Strangest thing: Whenever a kid vomited on the floor (and this seemed to happen fairly often), the janitor would come in with this bag of weird orange stuff, almost like kitty litter, that he would sprinkle all over the mess. This happened throughout my entire school career. It was some kind of weird vomit tradition that all janitors had sworn to uphold. I always use to think, "Why doesn't he just get the mop and clean it up?"
Favorite classroom: One teacher put a rug in the corner so that we could go and sit there to read. I loved that. And the main thing I loved about all the classrooms was that one whole wall was all windows. I spent many hours staring out those windows, watching snow fall or daydreaming.
A significant elementary school memory: We were walking down to the gym, and another teacher was coming up the same hall with her class. I can still remember the exact place I was standing -- in a patch of sunlight on that grey linoleum floor in the tunnel between the school and the gym. The two teachers stopped and practically bumped into each other, and started laughing and joking around about which class had the right of way. I can remember watching them and thinking, "They love this. They love being teachers. " And I decided right then that whatever I did when I grew up, it would be something I loved doing.

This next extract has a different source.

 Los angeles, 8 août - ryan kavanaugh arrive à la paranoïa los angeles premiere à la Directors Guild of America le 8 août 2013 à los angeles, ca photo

Favorite teacher: In second grade, my teacher loved to dance. Every afternoon, we would push back all the desks, and in the middle of the room, she would teach us to dance. I don't remember what else we learned that year, but that is the main thing I've remembered -- how good it feels to move my body to music.
Best seasonal memory: Every year, sometime late in October, we would get the first snow. We'd be sitting in the classroom, with this whole wall of windows right next to us, and snowflakes would start coming down. Nudges and whispers would begin moving around the room, and pretty soon we'd all be looking out at the snow. Even the teacher would say something.
Usually, the first snow doesn't stick, usually not enough for snowforts or sledding, but still that first snowfall did something to the classroom. Suddenly, the warm, well-lit room with its clusters of desks would seem cosy. I'd look around at my classmates, and realize how well we knew each other. Many of the kids I'd known since kindergarten, of course, but even any transfer students would be part of the group now. The room had become our classroom, decorated with our construction paper artwork and neatly stapled Friday spelling tests done on ditto masters that included seasonal pictures to color. That first snow always made us seem like a family.
What I wanted to be when I grew up: In first grade, I announced that I wanted to be a teacher and a writer. And have lots of kids.